A bench of Justices M R Shah and A S Supehia in an oral order yesterday allowed the government pleader’s request to remove the names of the two respondents in the case — Modi and Sinha.
Government Pleader Manisha Lavkumar sought deletion of the names on the ground Sharma was the only contesting party in the case. He argued that CAT had not issued notice to the two respondents while hearing the case.
“Permission is accordingly granted. (Names of) respondents No. 3 (Sinha) and 4 (Modi) stand deleted,” the court said during the hearing. Sinha is at present the State Election Commissioner.
Sharma had included their names as respondents in the case he filed in CAT, a quasi-judicial body that adjudicates disputes with respect to recruitment and service conditions of public servants.
The state fovernment had moved an application in the high court seeking quashing of the order of CAT which in January last scrapped the charge sheet against Sharma, calling it “tainted by malice” and “mala fide” in intention.

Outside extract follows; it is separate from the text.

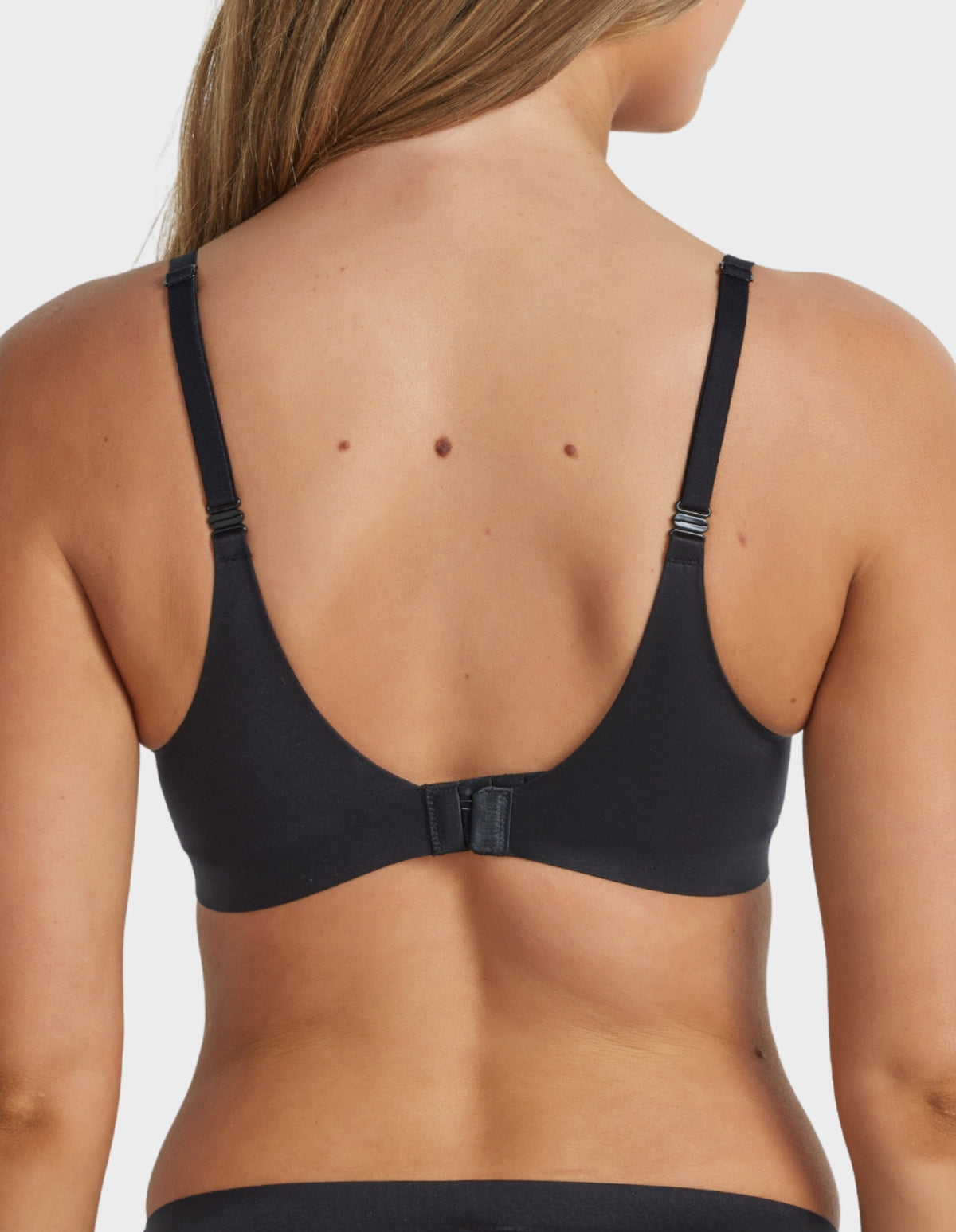 Back view of the Ultrasoft Full Coverage T-Shirt Bra in Black with adjustable straps and secure hook-and-eye closure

The rovernment had filed the charge sheet against Sharma for keeping with him a CD containing telephonic conversations between politicians and bureaucrats during the 2002 post- Godhra riots.

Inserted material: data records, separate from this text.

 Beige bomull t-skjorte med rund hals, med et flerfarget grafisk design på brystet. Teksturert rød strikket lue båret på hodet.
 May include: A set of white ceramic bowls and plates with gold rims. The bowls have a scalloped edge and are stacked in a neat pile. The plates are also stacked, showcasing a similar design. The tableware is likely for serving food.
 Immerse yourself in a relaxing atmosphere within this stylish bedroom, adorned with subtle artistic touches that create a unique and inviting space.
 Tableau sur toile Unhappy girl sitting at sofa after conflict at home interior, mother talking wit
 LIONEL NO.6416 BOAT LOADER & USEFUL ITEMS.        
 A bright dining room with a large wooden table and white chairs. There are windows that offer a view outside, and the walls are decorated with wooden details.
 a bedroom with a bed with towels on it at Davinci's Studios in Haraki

Sharma moved CAT in August 2011 for quashing the charge sheet, which accused him of not submitting the original CD to the government.

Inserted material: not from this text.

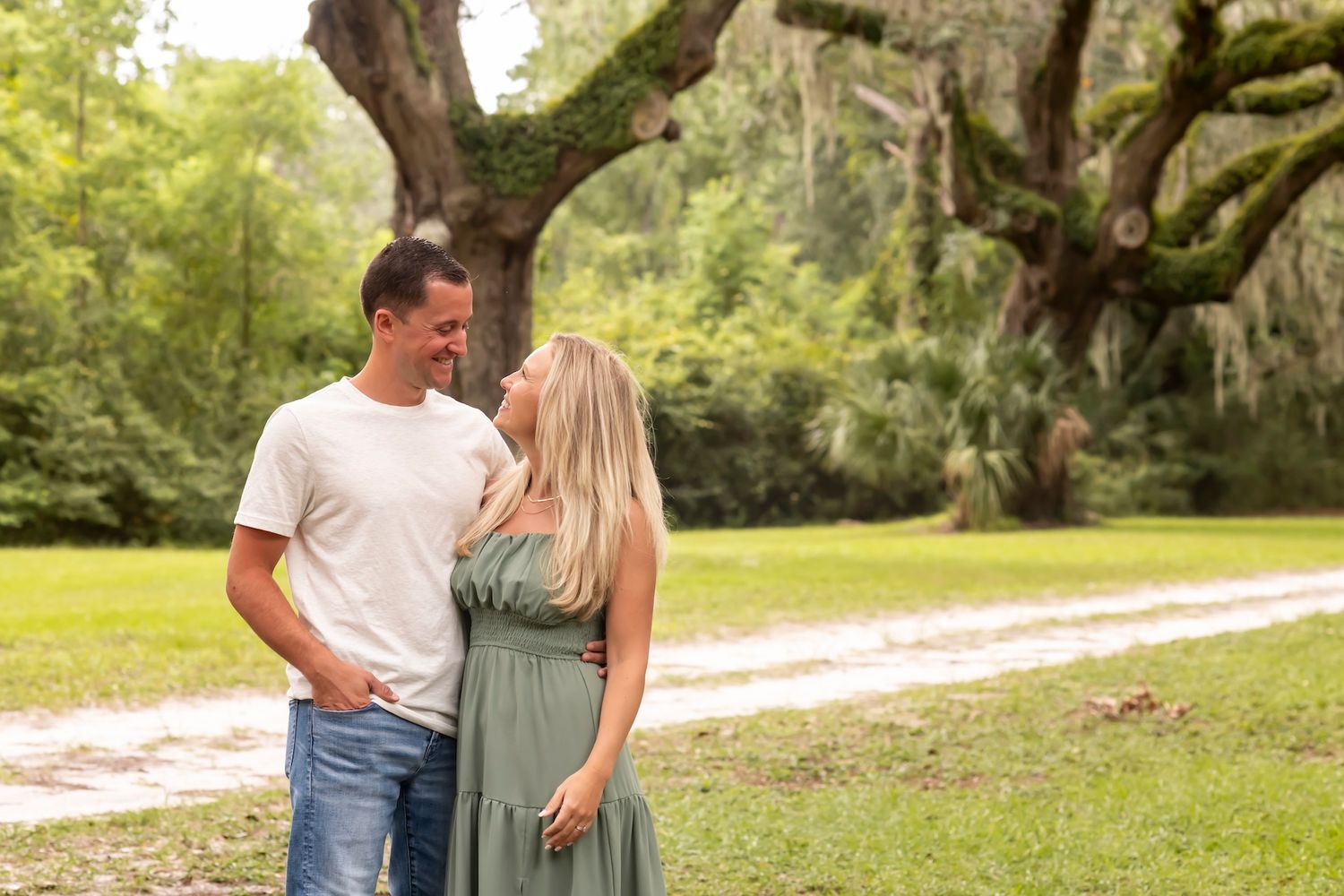 Couple sharing a romantic moment on a dirt path under moss-covered oak trees in a sunlit Southern garden.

He was posted in control room here as deputy commissioner of police from March 24, 2002 to July 3, 2002 and assisted the city Crime Branch in investigations of riots cases.
At that time, he had prepared a CD of mobile phone call records of ministers, police officers and bureaucrats between February-March 2002 by obtaining details from service providers.
In 2004, Sharma submitted the CD before the Nanavati Commission, set up by the state government to probe the riots, as evidence. In the charge sheet against him on August 13, 2011, the government had accused him of taking away the original CD, which should have been part of its records.
Sharma had moved CAT, arguing the goverment action was mala fide and taken for deposing before the Commission.
He had contended that he is protected under the Commission of Inquiry Act, which according to him, prohibits any action against a government official for deposing before an inquiry commission.
Sharma had taken voluntary retirement last year and is now a practicing lawyer.